Depression in U.S Adolescents during the Pandemic and how it has Affected their Academics

Elizabeth Ann Carter

Personal Statement

This paper thoroughly expanded my understanding of depression and its prevalence in the U.S. I learned about how depression rates are measured, what may cause it, and how it can affect daily life. In focusing on adolescent depression during the pandemic and academic performance as a result, I learned more about how myself (being 17) and my peers have been affected by the pandemic mentally. It has given me a better understanding on the toll the pandemic has taken on mental health across America.

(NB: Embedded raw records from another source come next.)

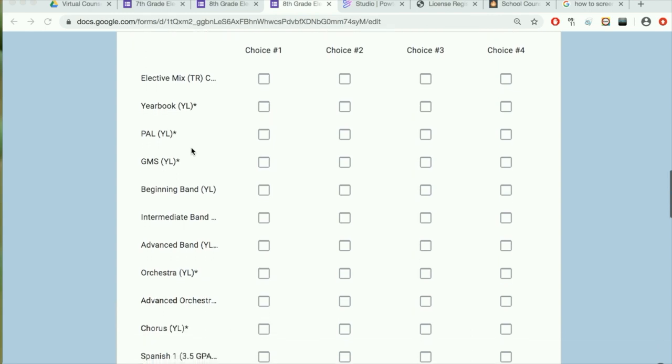And the rest are year-long electives. Please notice that some of them have certain requirements, and the ones with asterisks next to the electives means that there is an application that is required in order to be considered for that class.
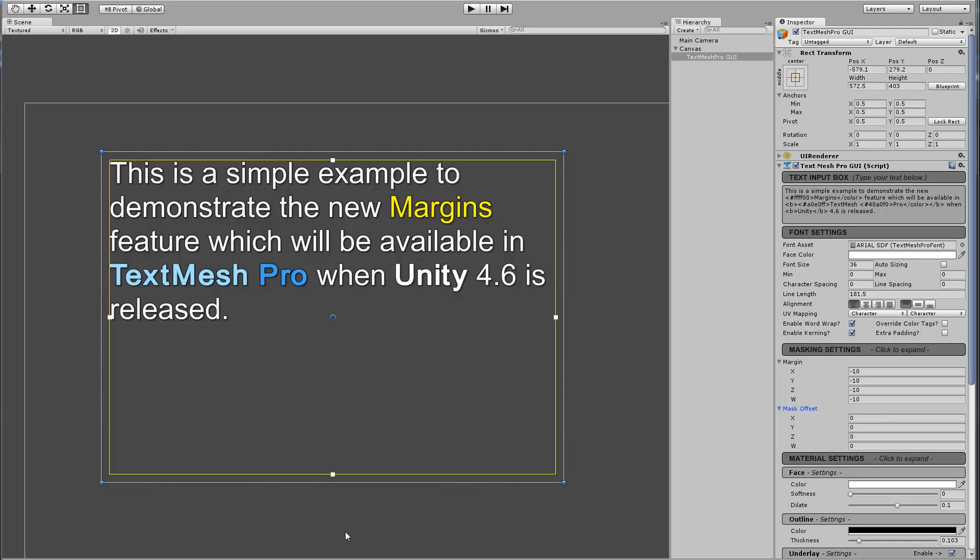Hi there. In this video, I'm going to be going over a new TextMeshPro feature, or at least its first implementation, and this new feature is called Margins.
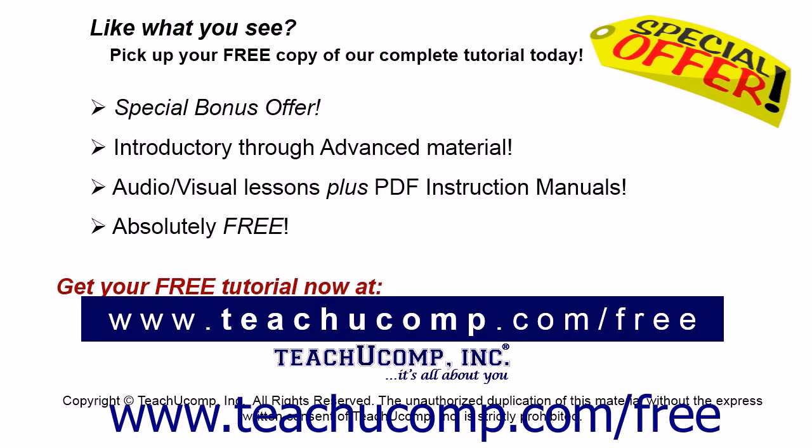Like what you see? Pick up your free copy of the complete tutorial at www.teachucomp.com forward slash free.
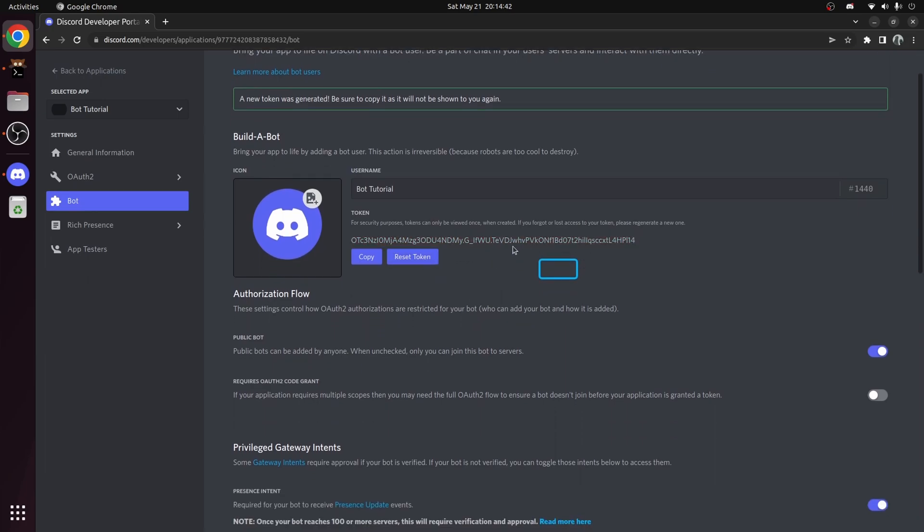And do not give this token to anyone you don't trust. Because if they have it, they can run the bot themselves with their own code. As you can imagine, that would be catastrophic. I will reset the token before uploading this video. So don't go thinking you can troll the master.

The COVID-19 virus, which first emerged at the end of 2019 and has since been a very prevalent and life changing worldwide crisis, may have a significant impact on the mental health of adolescents. Various circumstances and dilemmas that the pandemic has made into reality may have caused many adolescents in America and across the world to develop symptoms of depression. This paper’s main objective is to discuss the effects that the pandemic has had on depression rates in adolescents in the United States and how depression during the pandemic has affected their academic performance. Present studies demonstrating recent depression rates in teenagers included in the paper largely are recorded through the reports of one or more depressive episodes during a set period of time; they have demonstrated that not only have adolescent depression rates increased from 2019 before the pandemic to 2020 at the height of the pandemic but have also been increasing for the last 13 years. Additionally, recorded decreases in academic performance in the U.S during 2020 and 2021 indicate that the pandemic has been the cause, likely due to the effect it has had on the mental health of adolescent students.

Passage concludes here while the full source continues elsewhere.